Anda di halaman 1dari 5

Pembusukan ( Decomposition )

Pembusukan mayat nama lainnya dekomposisi dan putrefection. Pembusukan adalah proses degradasi jaringan
pada tubuh mayat yang terjadi sebagai akibat proses autolisis dan aktivitas mikroorganisme, terutama
Clostridium welchi.
1
Autolisis adalah perlunakan dan pencairan jaringan yang terjadi dalam keadaan steril melalui proses
kimia yang disebabkan oleh enzim- enzim intraseluler, sehingga organ-organ yang kaya dengan enzim- enzim akan
mengalami proses autilisis lebih cepat daripada organ-organ yang tidak memiliki enzim, dengan demikian pankreas
akan mengalami autolisis lebih cepat dari pada jantung. Proses autolisis ini tidak dipengaruhi oleh mikroorganisme
oleh karena itu pada mayat yang steril misalnya mayat bayi dalam kandungan proses autolisis ini tetap terjadi.
Proses auotolisis terjadi sebagai akibat dari pengaruh enzim yang dilepaskan pasca mati. Mula-mula yang terkena
adalah nukleoprotein yang terdapat pada kromatin dan sesudah itu sitoplasmanya, kemudian dinding sel akan
mengalami kehancuran sebagai akibatnya jaringan akan menjadi lunak dan mencair
.
1

Pada mayat yang dibekukan pelepasan enzim akan terhambat oleh pengaruh suhu yang rendah maka proses autolisis
ini akan dihambat demikian juga pada suhu tinggi enzim-enzim yang terdapat pada sel akan mengalami kerusakan
sehingga proses ini akan terhambat.


Pembusukan terjadi karena adanya degradasi jaringan yang terjadi akibat autolisis ( perlunakan jaringan ) dan kerja
bakteri. Pada saat orang meninggal, bakteri normal yang tadinya tidak dapat masuk ke dalam jaringan, akan mulai
menembus jaringan bahkan sampai masuk ke dalam darah. Bakteri tersebut yang nantinya akan tumbuh dan
berkembang biak di dalam darah.


Tempat penyumbang bakteri terbanyak adalah bagian usus (Clostridium welchii ). Pada saat pembusukan tejadi,
gas-gas seperti alkana, H
2
S dan HCN, asam amino dan asam lemak akan terkumpul. Pembusukan baru akan terjadi
setelah 24 jam kematian berlangsung.


Bagian tubuh pertama yang akan timbul pembusukan adalah bagian perut kanan bawah, dekat dengan sekum,
dimana komposisi terbesar adalah cairan dan merupakan tempat yang paling banyak mengandung bakteri.
Terbentuknya warna kehijauan karena adanya pembentukan sulf-met-hemoglobin. Warna kehijauan ini nantinya
akan menyebar mulai dari perut hingga rongga dada dan bau busuk mulai tercium.

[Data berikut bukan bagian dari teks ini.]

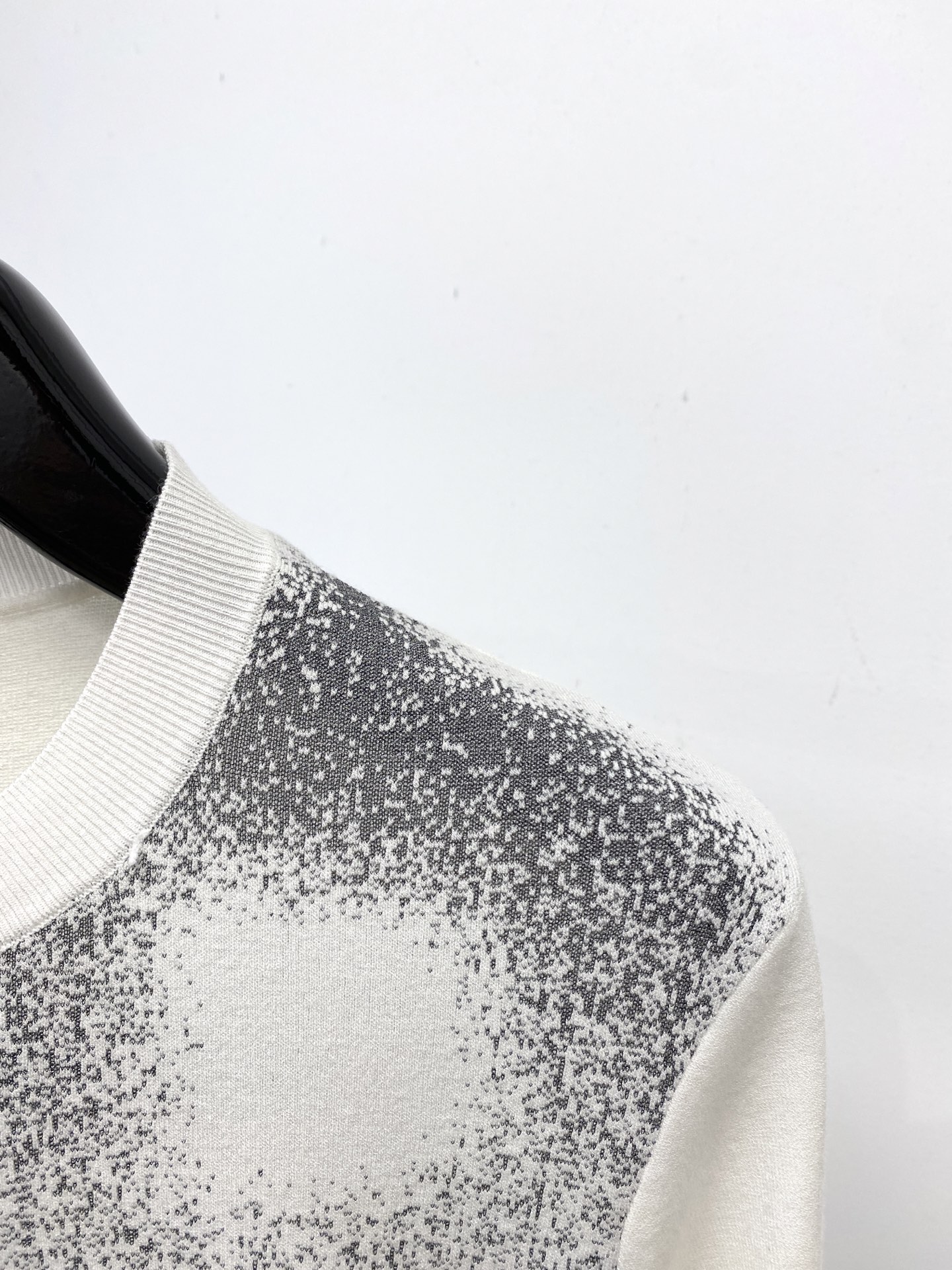 巴黎世家、2025最新款针织短袖T恤，帅气时尚，胸口设计凹凸图案字母logo，简约百搭款。面料棉 不仅挺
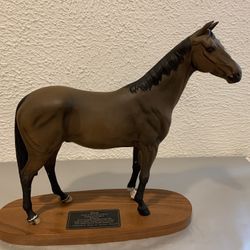 Rare Connoisseur By Beswick England  Psalm Junior European Championship 1968  Horse Sculpture Standing On Platform   12” tall , the base length is 12”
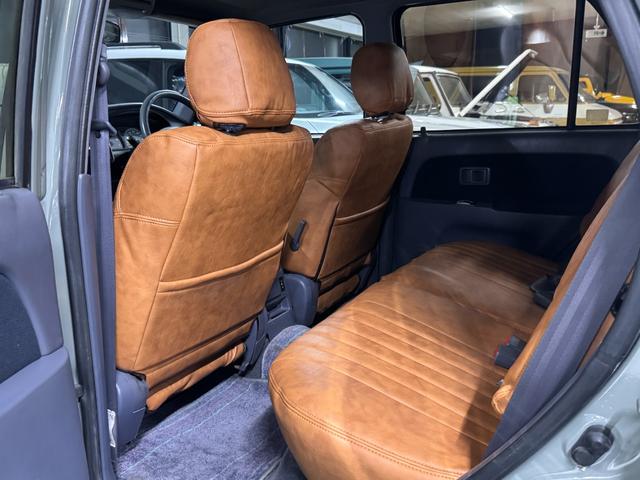 ハイラックスサーフ ＳＳＲ－Ｘ　アーバンカーキホワイトツートン全塗装　４ＷＤ車輛　リフトアップ　ＲＥＮＥＧＡＤＥ新品タイヤ　ＥＴＣ　　オリジナルシートカバー　ドライブレコーダー　ミラー　ドアノブメッキ仕様（24枚目）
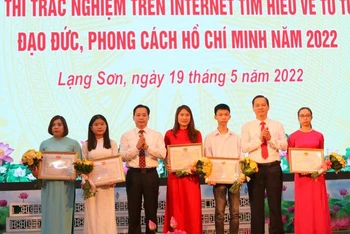 Đại diện lãnh đạo Tỉnh ủy Lạng Sơn trao giải Nhất cho các thí sinh tham dự Cuộc thi.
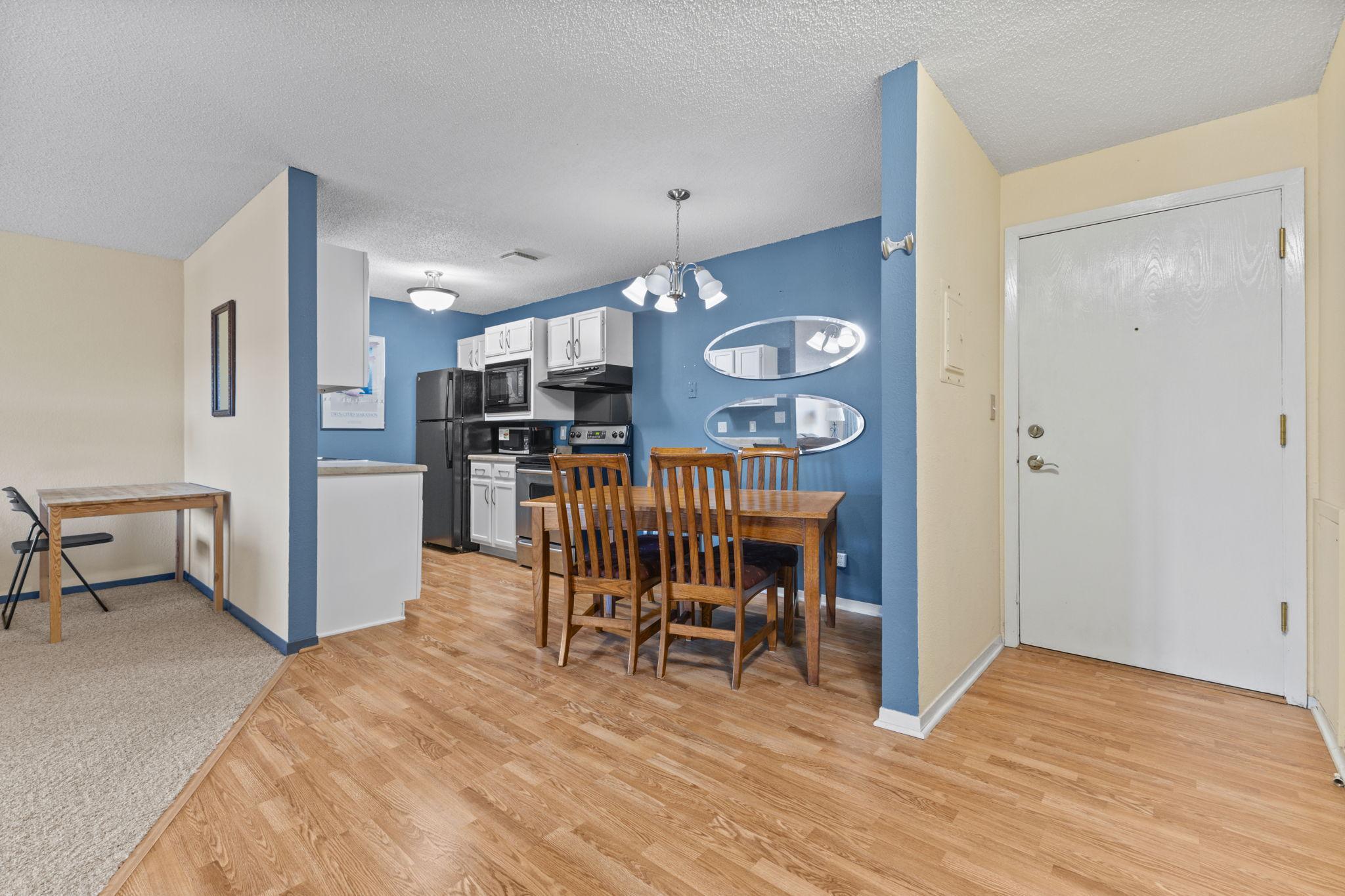 4 Pine Tree Drive 314 Property Photo 4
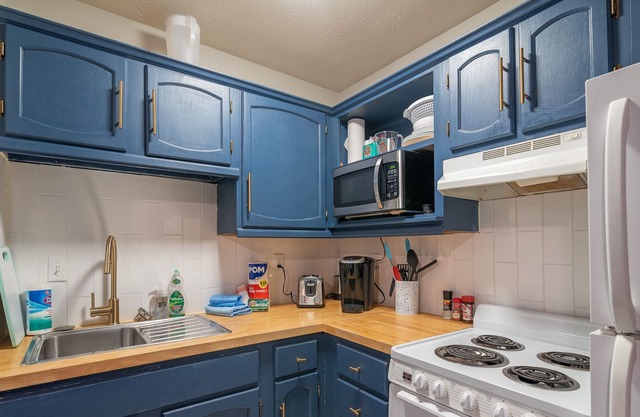 Centrally Located & Recently Updated Kokomo Apartment is Clean & Comfortable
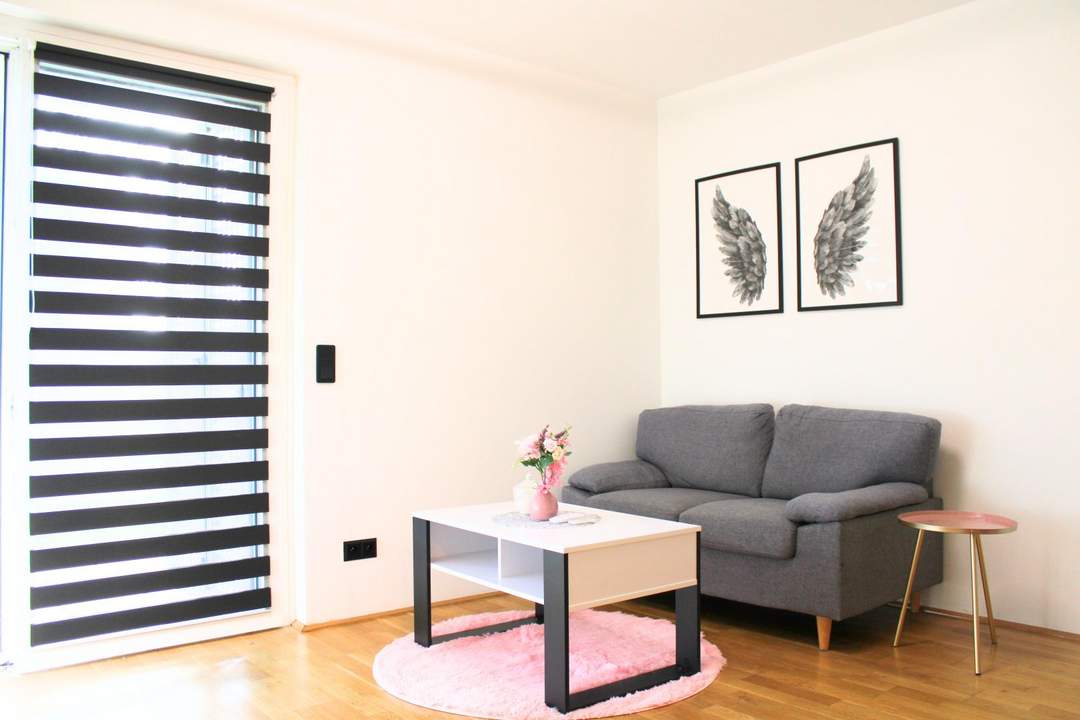 "2 Zimmer-Wohnung für jung und alt"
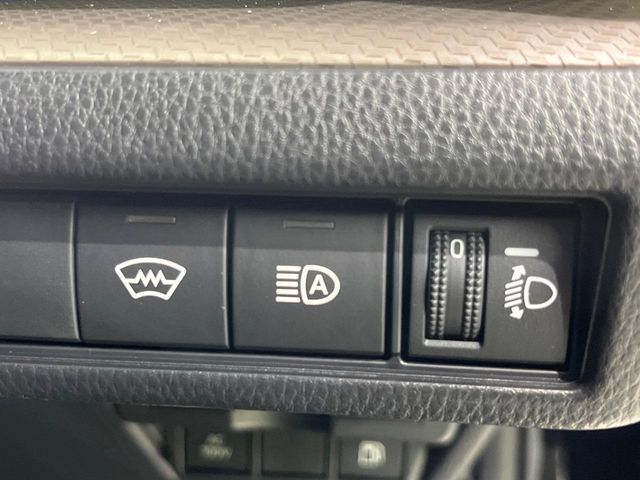 TOYOTA PRIUS 4WD 2023 Image 31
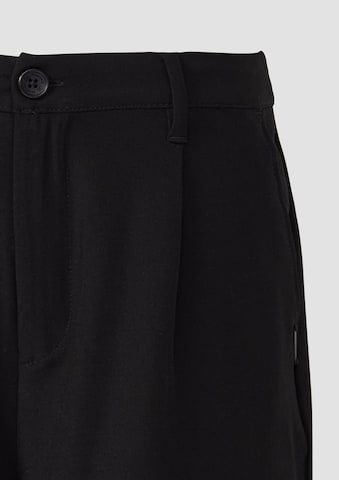 Loosefit Pantalon à pince QS en noir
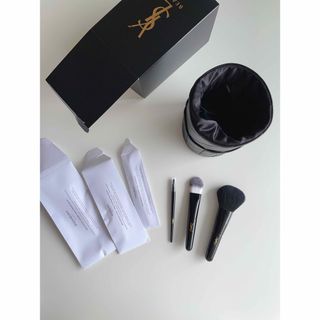 イヴサンローランボーテ(Yves Saint Laurent Beaute)のイヴサンローラン　ブラシポーチミニブラシセット(ブラシ・チップ)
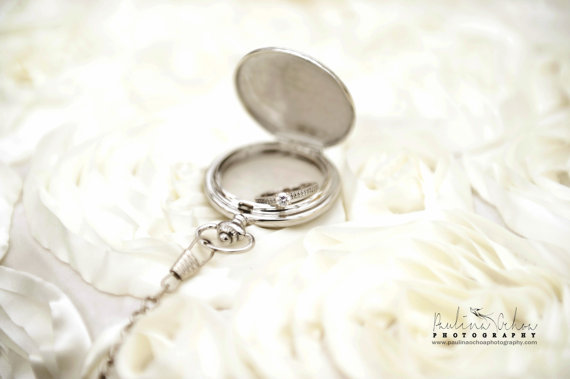 Mariage - Pocket Watch Ring Bearer Pillow Shield Design with Chain 'Sentinel', fall wedding, winter wedding, fall wedding ring pillow, ring pillow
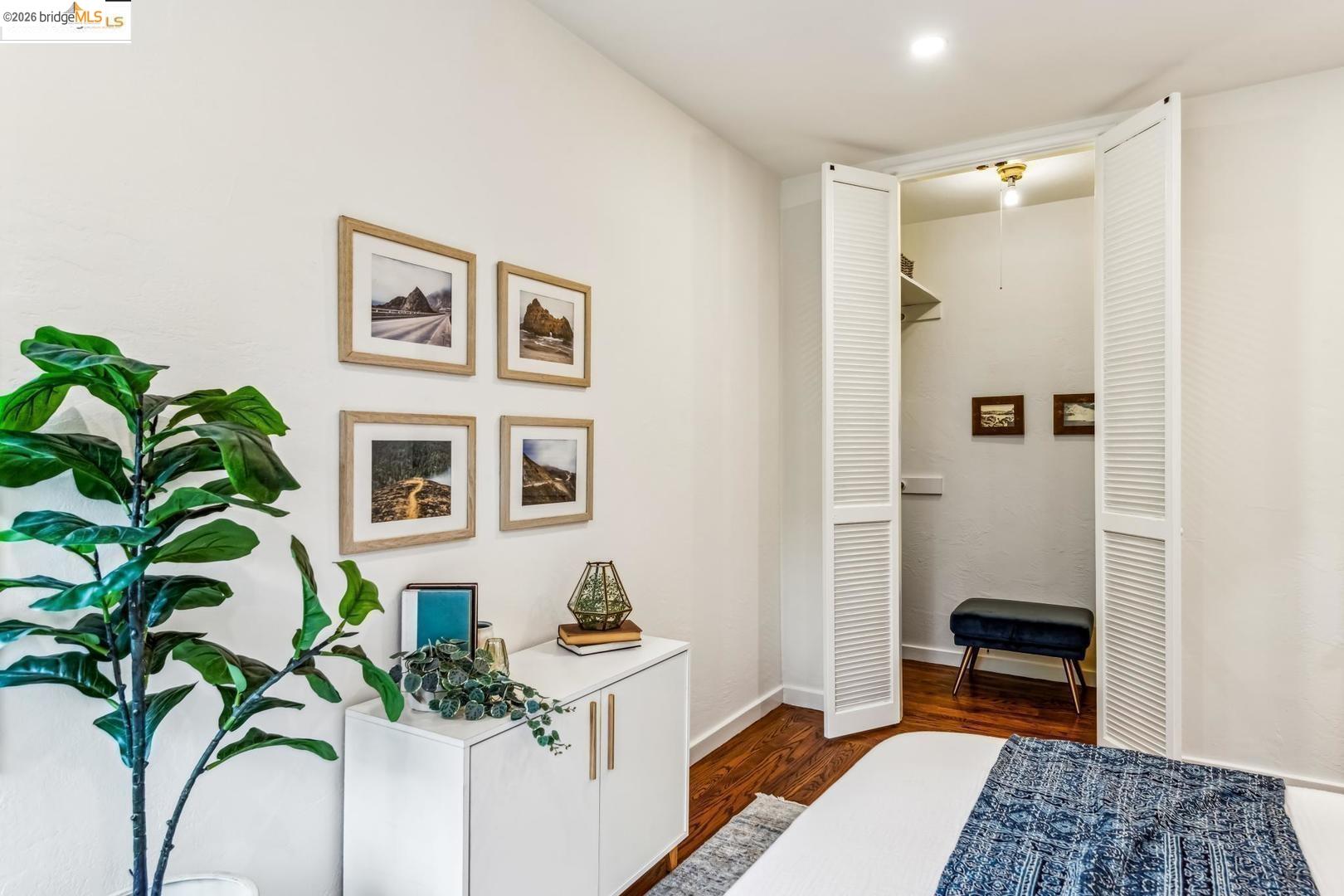 2704 Le Conte AVE # 4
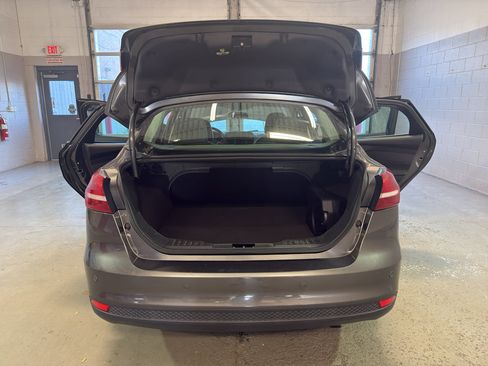 Used 2016 Ford Focus Titanium FWD image 13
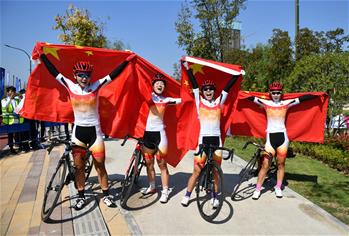 도로자전거—여자 도로 단체전: 중국팀 금메달 획득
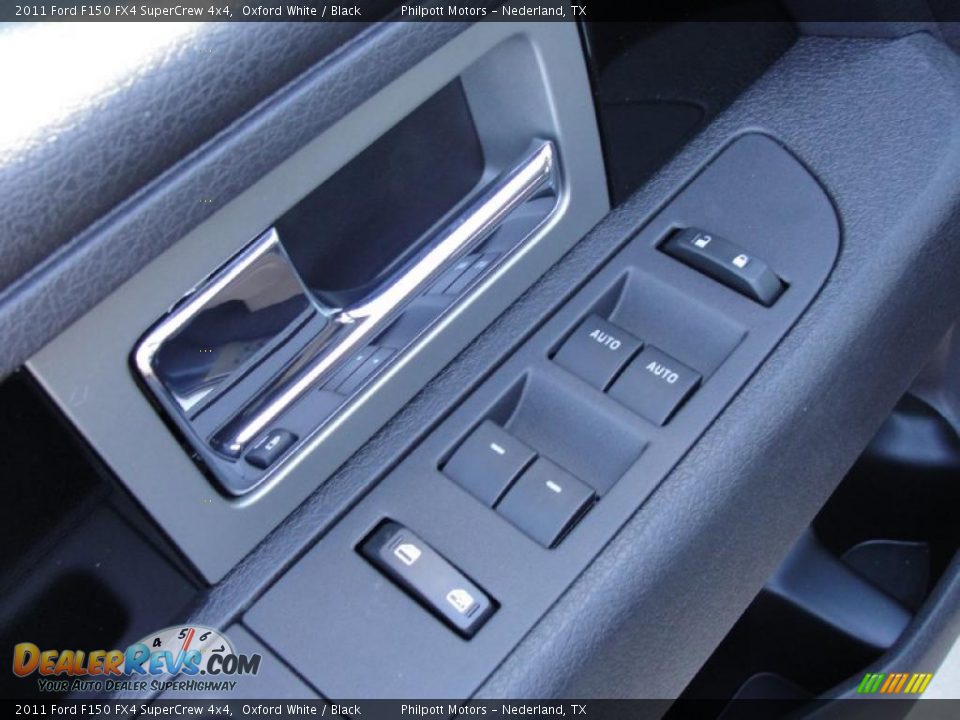 Controls of 2011 Ford F150 FX4 SuperCrew 4x4 Photo #22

Selanjutnya akan terjadi proses pengelapasan kulit ari atau terbentuknya gelembung yang berisi cairan kemerahan
berabu busuk. Adanya pembentukan gas yang berasal dari perut akan menyebabkan perut menjadi tegang dan
cairan keluar dari lubang telinga atau hidung. Gas inilah yang kemudian akan memunculkan suara krepitasi. Adanya
gas ini akan menyebabkan pembengkakan pada bagian tubh, terutama pada bagian tubuh yang memiliki jaringan
yang longgar sepeti skrotum, dan payudara. Kumpulan gas ini yang kemudian akan menyebabkan posisi tubuh
menjadi seperti petinju ( pugilstic attitude ). Proses berikutnya yang terjadi adalah rambut akan menajdi mudah
tercabut, kuku mudah terlepas, dawajah menggembung, dan berwarna ungu kehijauan, diikuti dengan
pembengkakan kelopak mata, pipi tembem, bibir tebal,lidah membengkak dan terjulur.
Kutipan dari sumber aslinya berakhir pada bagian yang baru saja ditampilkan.